En route to the Moon, approximately 200,000 miles (320,000 km) from Earth, Mission Control asked the crew to turn on the hydrogen and oxygen tank stirring fans, which were designed to destratify the cryogenic contents and increase the accuracy of their quantity readings. Approximately 93 seconds later the astronauts heard a loud "bang", accompanied by fluctuations in electrical power and firing of the attitude control thrusters. The crew initially thought that a meteoroid might have struck the Lunar Module (LM).
In fact, the number 2 oxygen tank, one of two in the Service Module (SM), had exploded. Damaged Teflon insulation on the wires to the stirring fan inside oxygen tank 2 allowed the wires to short-circuit and ignite this insulation.

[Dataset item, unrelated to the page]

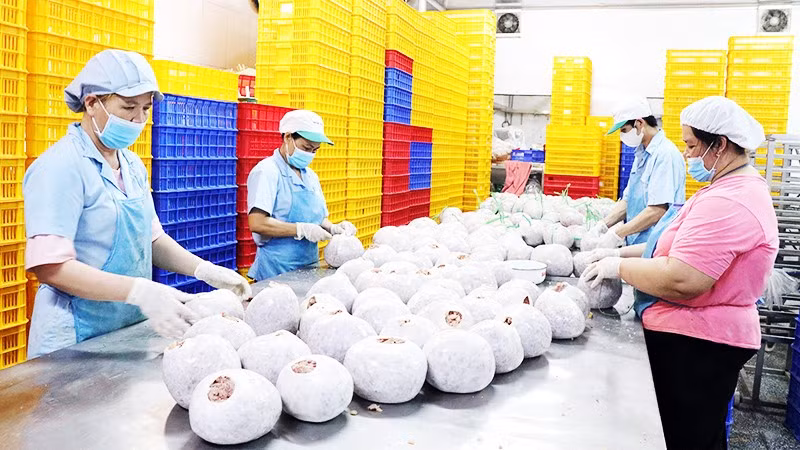 Hộ kinh doanh hiện chiếm hơn 5 triệu đơn vị trên cả nước, đóng góp khoảng 30% GDP và gần 15% nguồn thu ngân sách. Ảnh: THANH HÒA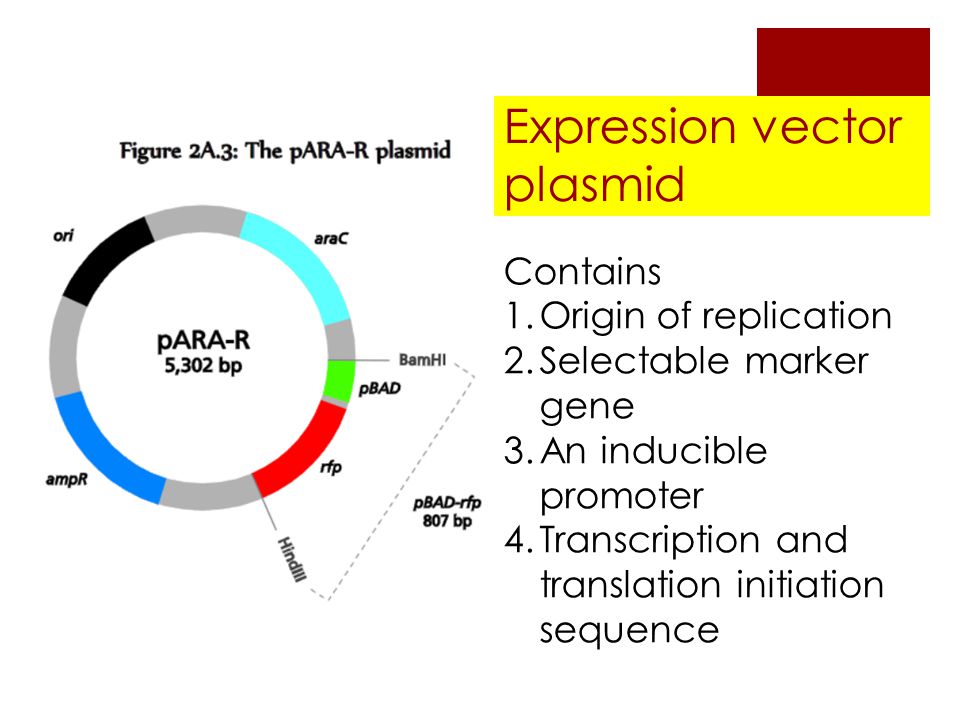 Expression vector plasmid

The resulting fire rapidly increased pressure beyond its 1,000 pounds per square inch (6.9 MPa) limit and the tank dome failed, filling the fuel cell bay (Sector 4) with rapidly expanding gaseous oxygen and combustion products. It is also possible some combustion occurred of the Mylar/Kapton thermal insulation material used to line the oxygen shelf compartment in this bay.
The resulting pressure inside the compartment popped the bolts attaching the Sector 4 outer aluminum skin panel, which as it blew off probably caused minor damage to the nearby high-gain S-band antenna used for translunar communications. Communications and telemetry to Earth were lost for 1.8 seconds, until the system automatically corrected by switching the antenna from narrow-band to wide-band mode.
Mechanical shock forced the oxygen valves closed on the number 1 and number 3 fuel cells, which left them operating for only about three minutes on the oxygen in the feed lines. The shock also either partially ruptured a line from the number 1 oxygen tank, or caused its check or relief valve to leak, causing its contents to leak out into space over the next 130 minutes, entirely depleting the SM's oxygen supply.
Because the fuel cells combined hydrogen and oxygen to generate electricity and water, the remaining fuel cell number 2 finally shut down and left the Command Module (CM) on limited-duration battery power. The crew was forced to shut down the CM completely and to use the LM as a "lifeboat". This had been suggested during an earlier training simulation but had not been considered a likely scenario. Without the LM, the accident would certainly have been fatal.
En route to moon, the oxygen tank of the space craft ruptured. Due to a small spark, the tank exploded and destroyed one side of the spacecraft. there was a huge risk for the crew of not surviving while returning to the Earth. But they managed to return safely.